American optical engineer

James Clair Wyant (July 31, 1943 – December 8, 2023) was a professor at the College of Optical Sciences at the University of Arizona where he was Director (1999–2005) and Dean (2005–2012). He received a B.S. in physics from Case Western Reserve University and M.S. and Ph.D. in optics from the Institute of Optics at the University of Rochester.

==Career==
He was a founder of the WYKO Corporation and served as its president and board chairman from 1984 to 1997. He was also a founder of the 4D Technology Corporation and served as its board chairman. Wyant was a member of the National Academy of Engineering, a Fellow of Optica, SPIE (International Society of Optics and Photonics), and the Optical Society of India, an honorary member of the Optical Society of Korea, and former editor-in-chief of the OSA journal Applied Optics. He was the 2010 president of OSA and the 1986 president of SPIE. Since 2010, he had been a member of the Board of Trustees of Case Western Reserve University.

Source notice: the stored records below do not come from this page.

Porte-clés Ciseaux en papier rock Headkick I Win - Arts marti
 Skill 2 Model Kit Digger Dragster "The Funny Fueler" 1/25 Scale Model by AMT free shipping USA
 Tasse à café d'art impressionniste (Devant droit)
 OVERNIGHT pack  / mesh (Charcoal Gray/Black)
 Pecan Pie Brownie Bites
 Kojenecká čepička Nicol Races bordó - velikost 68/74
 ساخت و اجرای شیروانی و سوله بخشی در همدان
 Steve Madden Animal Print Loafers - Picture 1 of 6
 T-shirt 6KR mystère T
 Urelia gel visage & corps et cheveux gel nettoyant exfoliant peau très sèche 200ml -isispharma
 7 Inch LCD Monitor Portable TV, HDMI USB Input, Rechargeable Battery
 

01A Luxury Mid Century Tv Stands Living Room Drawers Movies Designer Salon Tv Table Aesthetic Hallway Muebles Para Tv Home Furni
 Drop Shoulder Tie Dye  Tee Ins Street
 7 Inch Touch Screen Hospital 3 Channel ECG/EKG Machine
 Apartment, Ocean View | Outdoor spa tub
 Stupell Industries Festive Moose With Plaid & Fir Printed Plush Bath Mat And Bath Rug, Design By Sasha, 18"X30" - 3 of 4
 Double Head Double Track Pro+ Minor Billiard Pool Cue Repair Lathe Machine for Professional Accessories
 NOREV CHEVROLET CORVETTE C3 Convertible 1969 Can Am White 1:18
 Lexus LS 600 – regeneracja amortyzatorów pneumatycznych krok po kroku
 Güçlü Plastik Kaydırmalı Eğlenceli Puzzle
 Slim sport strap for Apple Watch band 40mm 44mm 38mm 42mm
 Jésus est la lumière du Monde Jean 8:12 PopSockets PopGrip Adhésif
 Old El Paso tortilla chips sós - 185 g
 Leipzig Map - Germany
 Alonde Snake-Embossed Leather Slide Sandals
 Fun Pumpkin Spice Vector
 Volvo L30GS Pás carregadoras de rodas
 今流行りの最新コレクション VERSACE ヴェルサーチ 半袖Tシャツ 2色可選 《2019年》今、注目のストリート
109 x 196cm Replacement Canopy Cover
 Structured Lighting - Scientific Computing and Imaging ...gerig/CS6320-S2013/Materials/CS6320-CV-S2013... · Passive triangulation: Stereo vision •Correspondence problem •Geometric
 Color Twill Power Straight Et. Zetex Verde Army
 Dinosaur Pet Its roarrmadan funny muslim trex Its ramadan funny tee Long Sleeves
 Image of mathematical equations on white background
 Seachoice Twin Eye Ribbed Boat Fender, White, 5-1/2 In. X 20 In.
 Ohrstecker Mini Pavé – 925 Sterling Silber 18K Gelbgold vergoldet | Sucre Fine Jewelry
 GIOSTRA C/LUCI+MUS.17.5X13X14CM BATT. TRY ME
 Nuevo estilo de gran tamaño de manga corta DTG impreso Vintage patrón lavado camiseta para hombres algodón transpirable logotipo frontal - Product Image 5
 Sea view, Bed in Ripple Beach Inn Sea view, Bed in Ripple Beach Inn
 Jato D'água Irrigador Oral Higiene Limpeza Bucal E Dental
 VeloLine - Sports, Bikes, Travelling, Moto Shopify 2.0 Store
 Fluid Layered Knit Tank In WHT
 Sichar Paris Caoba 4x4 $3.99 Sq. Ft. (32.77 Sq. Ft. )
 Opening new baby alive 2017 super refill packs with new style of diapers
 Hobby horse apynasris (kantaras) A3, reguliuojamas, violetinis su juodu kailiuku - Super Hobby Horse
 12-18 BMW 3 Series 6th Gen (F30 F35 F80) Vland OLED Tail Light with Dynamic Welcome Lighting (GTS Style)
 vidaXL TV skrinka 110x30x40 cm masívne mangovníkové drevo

In April 2019, the College of Optical Sciences at the University of Arizona was renamed to be the James C. Wyant College of Optical Sciences in his honor.

== Awards ==

- AccountabilIT Lifetime Achievement Award from the Arizona Technology Council, 2019
- SPIE Visionary Award, 2019
- Optica Joseph Fraunhofer Award
- SPIE Gold Medal, 2003
- SPIE Technology Achievement Award
- SPIE Chandra Vikram Award
- University of Rochester College of Engineering Distinguished Alumnus Award
- Doctorado Honoris Causa from the Instituto Nacional de Astrofisica, Optica y Electronica in Puebla, Mexico.
- Arizona's “Innovator of the Year” Product Award
- Tom Brown Excellence in Entrepreneurship Award
- University of Arizona Technology Innovation Award;
- Arizona Technology Council William F. McWhortor Award.